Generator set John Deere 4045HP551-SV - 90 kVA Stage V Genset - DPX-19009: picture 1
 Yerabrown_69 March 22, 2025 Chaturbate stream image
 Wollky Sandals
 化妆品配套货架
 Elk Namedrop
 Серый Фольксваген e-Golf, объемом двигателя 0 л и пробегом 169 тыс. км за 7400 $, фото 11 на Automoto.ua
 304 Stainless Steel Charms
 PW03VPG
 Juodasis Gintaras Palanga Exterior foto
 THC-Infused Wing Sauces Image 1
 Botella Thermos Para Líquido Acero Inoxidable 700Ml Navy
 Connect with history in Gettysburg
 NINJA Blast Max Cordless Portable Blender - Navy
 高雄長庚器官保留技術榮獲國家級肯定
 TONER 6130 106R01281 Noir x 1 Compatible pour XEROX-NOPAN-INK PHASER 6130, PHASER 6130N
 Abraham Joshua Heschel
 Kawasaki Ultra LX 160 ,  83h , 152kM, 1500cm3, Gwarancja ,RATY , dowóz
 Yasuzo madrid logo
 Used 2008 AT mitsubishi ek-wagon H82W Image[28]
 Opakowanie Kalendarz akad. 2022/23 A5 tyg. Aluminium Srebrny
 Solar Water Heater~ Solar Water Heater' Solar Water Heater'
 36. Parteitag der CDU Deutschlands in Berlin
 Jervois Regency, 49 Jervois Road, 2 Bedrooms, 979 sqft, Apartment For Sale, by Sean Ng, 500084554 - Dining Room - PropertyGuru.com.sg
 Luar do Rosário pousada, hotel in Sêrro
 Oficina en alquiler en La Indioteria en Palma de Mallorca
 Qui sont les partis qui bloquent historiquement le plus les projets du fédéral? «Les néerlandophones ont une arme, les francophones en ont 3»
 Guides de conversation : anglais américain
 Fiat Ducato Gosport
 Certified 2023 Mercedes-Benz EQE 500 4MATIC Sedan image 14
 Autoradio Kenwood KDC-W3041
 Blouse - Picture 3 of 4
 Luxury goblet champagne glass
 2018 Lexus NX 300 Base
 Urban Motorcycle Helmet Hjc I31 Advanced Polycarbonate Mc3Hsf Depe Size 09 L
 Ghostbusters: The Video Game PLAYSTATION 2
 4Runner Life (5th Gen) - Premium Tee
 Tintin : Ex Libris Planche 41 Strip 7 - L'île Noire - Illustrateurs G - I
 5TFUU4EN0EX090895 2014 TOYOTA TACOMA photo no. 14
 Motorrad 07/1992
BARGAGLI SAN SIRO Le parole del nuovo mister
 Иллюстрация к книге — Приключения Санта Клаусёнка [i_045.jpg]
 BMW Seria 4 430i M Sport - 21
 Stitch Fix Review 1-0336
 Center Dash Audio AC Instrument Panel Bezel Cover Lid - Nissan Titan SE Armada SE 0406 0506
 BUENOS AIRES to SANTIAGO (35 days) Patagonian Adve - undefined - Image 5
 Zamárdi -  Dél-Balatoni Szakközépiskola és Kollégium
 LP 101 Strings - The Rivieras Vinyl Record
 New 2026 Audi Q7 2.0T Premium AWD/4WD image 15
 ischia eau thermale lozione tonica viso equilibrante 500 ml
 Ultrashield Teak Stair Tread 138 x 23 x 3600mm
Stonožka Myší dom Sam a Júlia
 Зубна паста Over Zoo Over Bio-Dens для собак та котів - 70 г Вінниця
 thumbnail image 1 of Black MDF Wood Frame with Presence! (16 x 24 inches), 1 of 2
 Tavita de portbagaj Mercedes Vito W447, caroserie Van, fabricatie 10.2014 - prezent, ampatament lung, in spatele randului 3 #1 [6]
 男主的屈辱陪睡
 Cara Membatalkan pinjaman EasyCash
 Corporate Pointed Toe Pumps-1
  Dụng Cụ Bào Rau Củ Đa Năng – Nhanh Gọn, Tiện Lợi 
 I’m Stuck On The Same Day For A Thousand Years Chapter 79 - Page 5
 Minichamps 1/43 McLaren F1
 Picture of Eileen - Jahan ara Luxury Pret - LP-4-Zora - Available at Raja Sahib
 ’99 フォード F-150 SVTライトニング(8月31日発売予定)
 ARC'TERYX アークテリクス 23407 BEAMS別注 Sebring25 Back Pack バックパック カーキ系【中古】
——
| DIRECTIONS FOR THIS TASK |
Please work out how many lines above contain the string "Luxury", and reply with that number alone.

| YOUR RESPONSE |
2